Zero Trust Computing/Networking to me means that you have to assume all end points are directly exposed to the internet and all of their services/ports/exchanges say, “Hey, we are open but refer to the control plane (layered control systems) to access our data plane but you need to verify x amount of information that is dependent on multiple semi-dislike but aligned factors that put together, are hard to reproduce”. All fellow nodes or hosting infrastructures are assumed to be compromised but regardless of how ‘secure’ the zero trust system is, if humans need to interact with it, there will be ways to exploit it. Strong and reasonable cryptography (considering computing power and what information is at stake) along with mitigating low level speculative processing exploits will be of utmost importance and telemetry/diagnostics will become harder to use unless given cascading but potentially tiered/layered permissions.

( “7 principles of zero trust security model“, is a good and short read as well.)

SSH Client as a Quick and Dirty Port Scanner

Since the ssh client is pretty ubiquitous and has been included with Windows 10 installations for the past couple years, I’ve discovered it can be a useful tcp port scanner if you use the verbose flag:

For Windows:

ssh -p 80 google.com -v 2>&1 | findstr Connect

ssh -p 80 -o ConnectTimeout=1 www.google.com -v 2>&1 | findstr Connect
debug1: Connecting to www.google.com [142.250.191.228] port 80.
debug1: Connection established.
kex_exchange_identification: Connection closed by remote host

As for your *nix systems, just use grep instead of findstr.

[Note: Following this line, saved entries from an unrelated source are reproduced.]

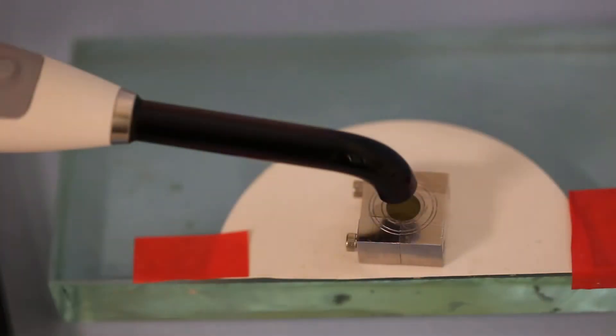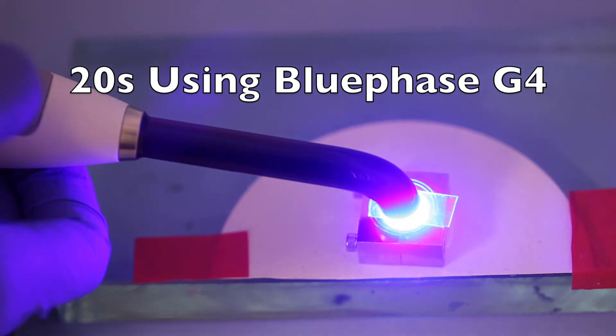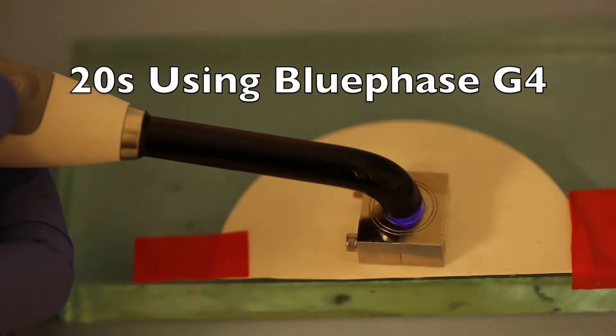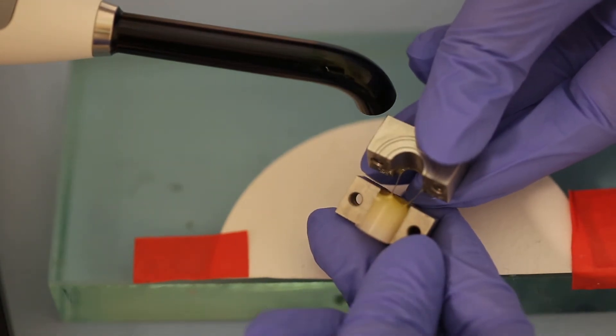Now we'll cure it for 20 seconds with the Blueface G4. And if you thought 10 seconds was long, how about 20 seconds using the G4? This seems like an eternity compared to the 1 second with the Monet. Let's see what the composite looks like. Although we had to cure it for 20 seconds, the bottom was more cured. We'll dissolve away the uncured composite.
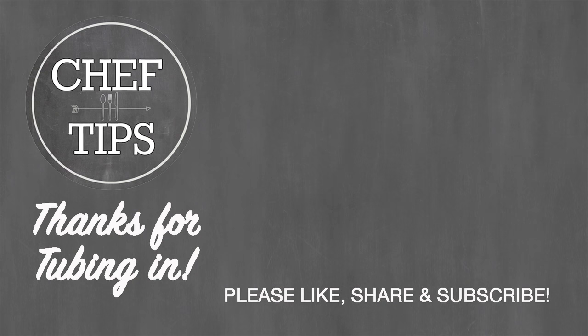Enjoy the big game, the Super Bowl. And as always, thanks for tubing in. Leave me some comments and don't forget to subscribe. Man, that's good — it feels good!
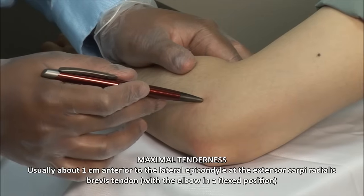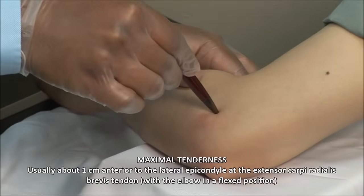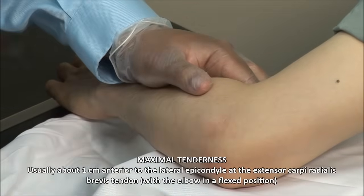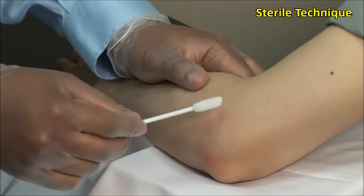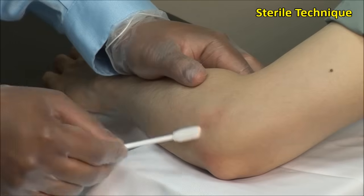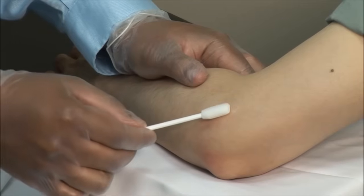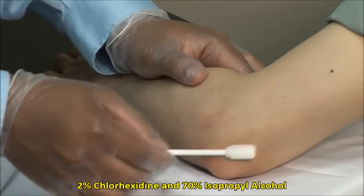Use a retractable pen to mark the point of maximal tenderness. These injections should always be done using sterile technique. Scrub the site of injection and then clean in an outward fashion. Here I am using a mixture of 2% chlorhexidine and 70% isopropyl alcohol.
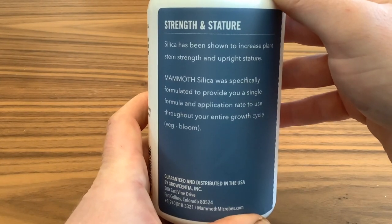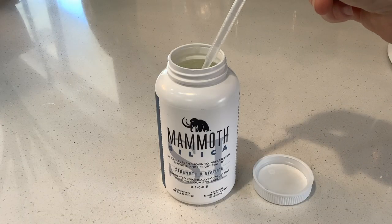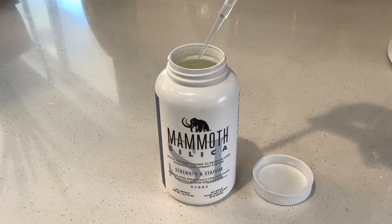Application rate is half a milliliter per gallon at every watering or every other watering. Mammoth Silica is also labeled in Oklahoma for foliar applications, and the rate is a range between 2 and 8 milliliters per gallon every 5 to 7 days. We recommend mixing silica in first in a fertilizer solution in order to avoid any potential mixing incompatibilities.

I hope someone else finds this useful!

 

Domain Controller/Active directory over Meraki VPN fix

If you have a Meraki setup that has Umbrella tied into it, and you can’t communicate properly with your *.local domain controller over the Meraki VPN, I have a potential fix for you. In my scenario, VPN clients could see the domain controllers and DC IP addresses were specified as DNS servers which would properly assigned to VPN clients. VPN clients could query DCs for external DNS names without any issues but any *.local communications or gpupdate related commands would fail. I troubleshooted it to the nth degree and discovered this fix:

Go to Security & SD-WAN, then to configure, and then to threat protection. Scroll down to the Umbrella protection section and specify your local domain name (mydomain.local) as an exception from being routed to Umbrella. Save your changes and hopefully this resolves your issue.

If you continue to have issues, double check that your VPN clients and see what DNS servers are getting assigned. Some individuals had to change the metric (hint lower the number, route print to find metrics of adapters).